What Is Lane Splitting?
Lane splitting is often referred to as white lining, and it is just that. When lane splitting, a biker rides along the white line separating rows of traffic moving at a slow speed or stopped. According to AB51, the law in California permitting lane splitting, motorcyclists are free to do this on both divided and undivided roadways. Lane splitting is not legal in any other state, yet in several, it is not defined as illegal. In instances of lane splitting, the rider is not permitted to travel at a speed more than 10 mph than that of the prevailing traffic. In one study by the University of California at Berkeley, of 5,969 motorcycle accidents, 16 percent involved lane splitting.

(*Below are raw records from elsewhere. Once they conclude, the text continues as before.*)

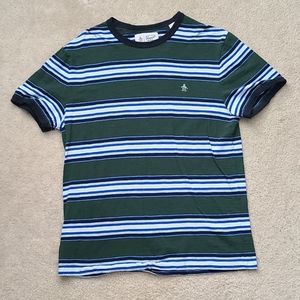 Striped Original Penguin T-Shirt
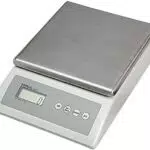 Maul Zählwaage 10 Kg, Große Wiegefläche, Edelstahl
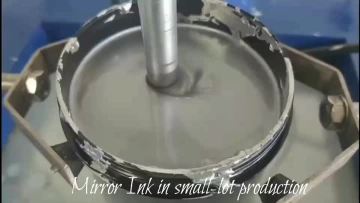 Solvent Based Screen Printing Ink-Mirror ink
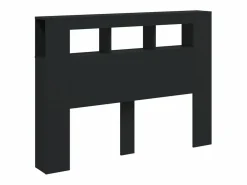Cabecero con LED madera de ingeniería 140x18,5x103,5 cm < vidaxl New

Factors Leading to a Lane Splitting Accident
Certain factors enhance the risk of a Sacramento lane splitting accident such as:
- Speed: Bikers who lane split while traveling at a rate of speed higher than 10 mph over the prevailing traffic are more likely to be involved in an accident.
- Time of day: A lane splitting accident happens most often in the morning and evening hours. This may be due to the greater traffic congestion at these times.
- Traffic speed: Those who lane split when the traffic is moving faster than 30 mph are at an increased risk for an accident.
- Lanes: It is considered safer to lane split between the lanes on the left-hand side of the road.
- Motorists: Bikers who do not watch for changing patterns in traffic or that of individual motorists are more likely to be involved in an accident.
- Vigilance: Being vigilant over one’s surroundings affords greater safety when lane splitting.
When Not to Lane Split
There are times when a biker should refrain from this practice to avoid a Sacramento lane splitting accident. These are:
- Approaching a toll booth or intersection traffic light
- Slowing down on curves
- Space between vehicles is limited
- Bad weather
- Heavy concentrations of big rigs or commercial buses are present
Sacramento Motorcycle Accident Lawyer
I’m Ed Smith, a Sacramento motorcycle accident lawyer. Anytime a motorcyclist is involved in a collision, it can cause severe injuries. If you or a member of your family was injured because of the negligence of a motorist or government entity, I have free and friendly advice to offer you. Call me at (916) 921-6400 locally, or reach me on my toll-free line at (800) 404-5400. We also have an online contact form available and will get back to you promptly.
As a milliondollaradvocates.com member, I join with other top trial lawyers in the country who have garnered for a client a settlement/verdict in excess of one million dollars.
It has been my privilege to have served Sacramento residents and other Northern Californians as an injury lawyer since 1982, helping them to obtain fair compensation in areas such as serious trauma, brain injuries and all kinds of car accidents.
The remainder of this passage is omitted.